The desk top is done. Rebated, dovetailed, fettled, ready for wax. Time to move on.
Moving on means moving from ancient joinery to modern furniture making. The stretchers on this desk are I-beams — hardwood ply substrate at the cool price of $280 a sheet, lipped and soon to be veneered, then cut to final size. If I'm lucky I'll get two perfectly sized strips off the sheet to become the web of each beam.
When it comes to veneering I've been making do with clamps and cauls for years because the bag/pump set up is a huge pain in the rear and mostly not worth it, but the desk has enough parts that the scales have tipped the other way finally. And at the start of the year I made a promise to myself to invest the time in jigs a fixtures like this. So I got busy making furniture adjacent things yet again.
A "proper" Vacupress pump runs north of two grand for the model I'd need. But inside that fancy looking box is an electric pump, and a vacuum pressure switch. That's it. For two grand! I bought a cheap Vevor pump years ago and used it for a dining table. It smokes constantly and filled me with dread leaving it running overnight for an epoxy cure. So this week I built something it desperately needs: an auto-cycling system that switches the pump off at 500 bar, then kicks it back on as the system bleeds air and the pressure drops. The vacuum pressure switch came from Mum in the UK — thirty-two dollars. It retails here for $290, which is just about the highest Straya tax I've encountered.
The switch will suffer from the electrical inrush every time the pump starts. The contacts will eventually weld or burn out, so I added a four-dollar relay as a sacrificial part — it takes the inrush and protects the switch. When it dies I'll swap it in 2 seconds for another four dollar part. And when the pump needs replacing it simply unplugs from a regular female socket.
I also made a new vacuum bag too. Bags are absurdly expensive off the shelf (the last quote I got for a 1200x2400 poly bag was $2915, plus GST, plus shipping). Clear plastic from Clark Rubber for $60, high-tack acrylic tape from Bunnings for $22, fifteen minutes work, holds a perfect vacuum. The last time I made a bag I used PVC weld — it was a huge faff, a terrible mess, and didn't even seal. This one sealed hard on the first go. That 'ultra high tack' tape ain't lyin.

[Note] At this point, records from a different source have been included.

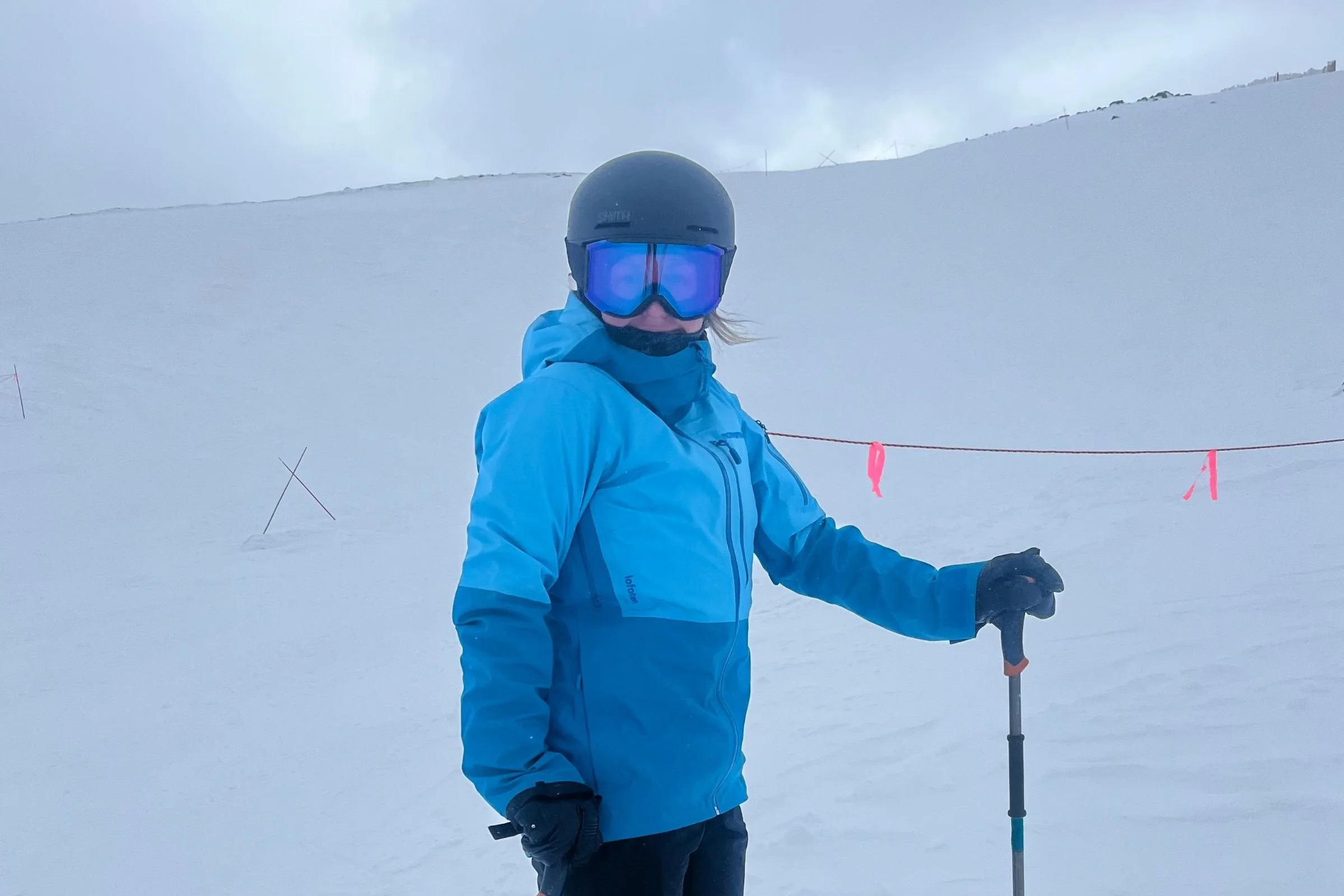   Skier standing on slope wearing Smith Squad MAG goggles  
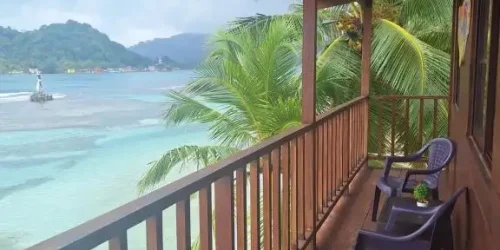 Wooden balcony at Cabanas Blue with two chairs overlooking turquoise water and palms on Isla Grande -- Portobelo Panama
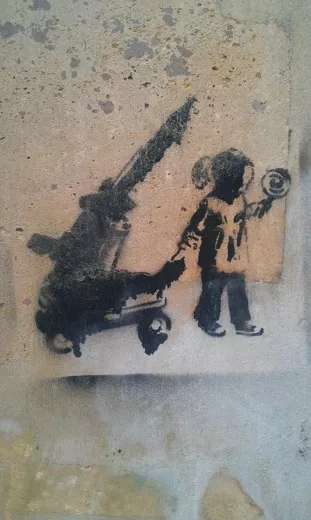 BE Brussels kid with missile in wagon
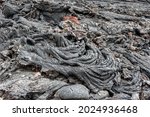 Small photo of Natural background from solidified volcanic lava. Rope lava is the result of slowing forward flow and accelerating backward flow. Crumpled volcanic stones of Kamchatka Russia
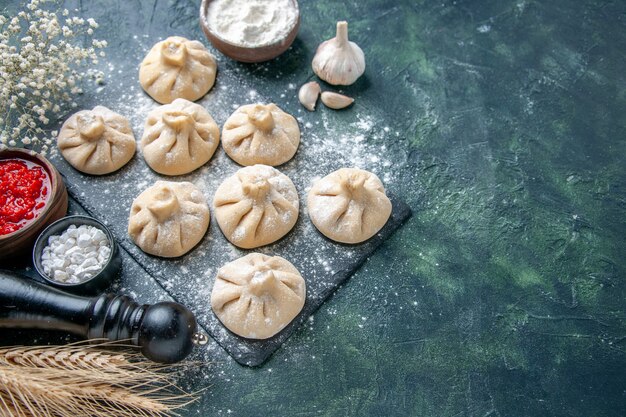 Top view raw little dumplings with meat inside on a dark background meat pepper color dish dough flour cooking meal cuisine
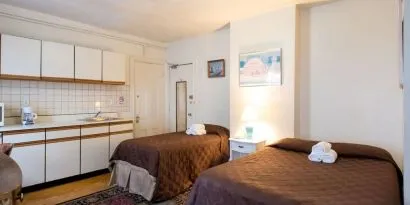 Day use twin room with in-room kitchen and work desk at The Farrington Inn.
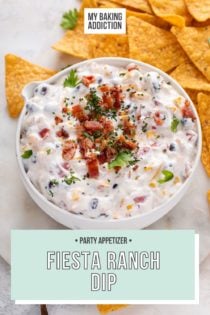 Close up of fiesta ranch dip in a white bowl, garnished with green onions and bacon bits. Text overlay includes recipe name.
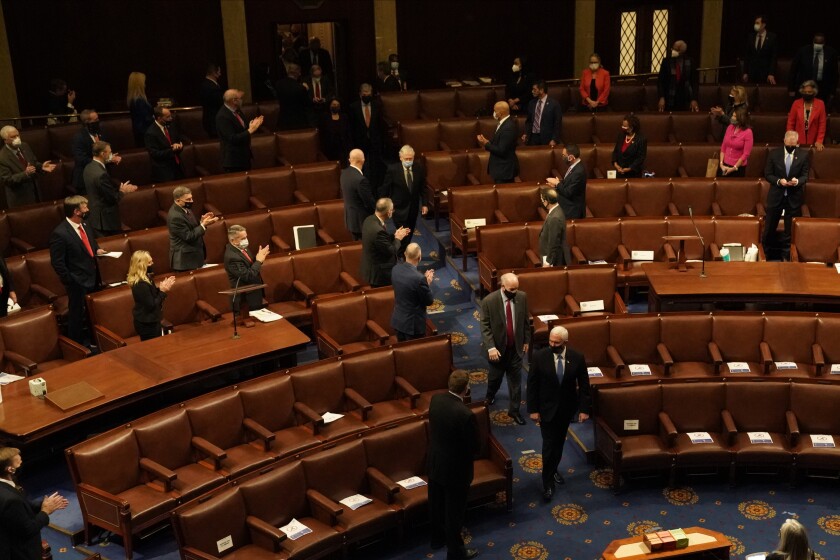 قانونگذاران در حالی ایستاده اند که معاون رئیس جمهور مایک پنس تعدادی از مردم را به داخل سالن هدایت می کند. 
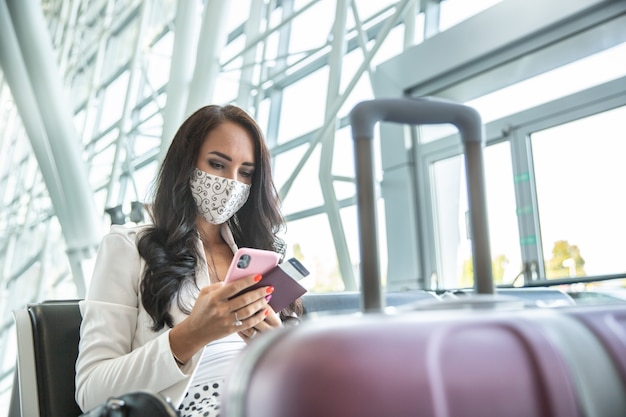 Frau mit Gesichtsmaske überprüft ihr Telefon, während sie in einer Halle auf ein Flugzeug wartet und einen Reisepass und eine Bordkarte hält.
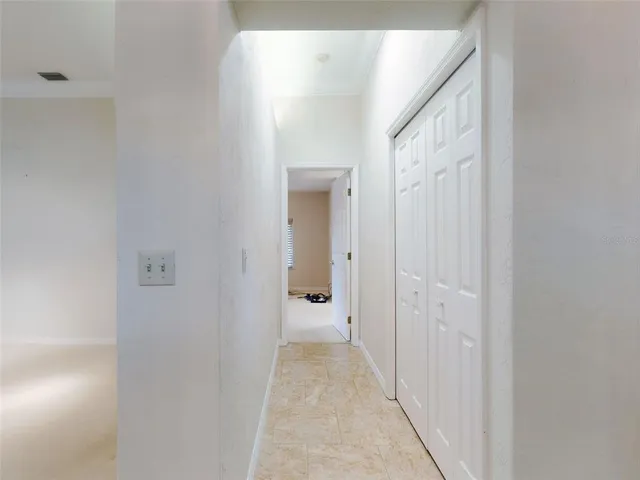 an aerial view of a house with a garden and lake view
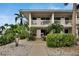 Two-story building exterior with walkway and landscaping at 611 Destiny Dr # 216, Ruskin, FL 33570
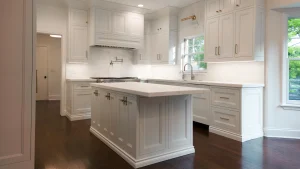 A bright, modern kitchen with white cabinetry, a central island, and stainless steel appliances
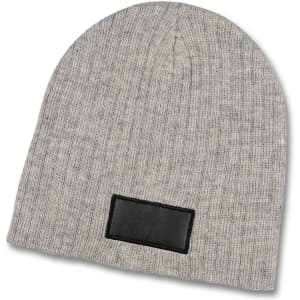 A grey cable knit beanie with a patch on the front, featuring ribbed texture and a rounded top.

All told, the press setup came in about five thousand dollars under what the off-the-shelf equivalent would have cost. Yep, you read that right: $5000 cheaper. I call that a non-trivial saving.
I also made two joinery sample display unit thingies for next month's exhibition at Hive Gallery. Pass-around pieces so people can hold them, turn them over, and get some idea of the effort that goes into a custom piece.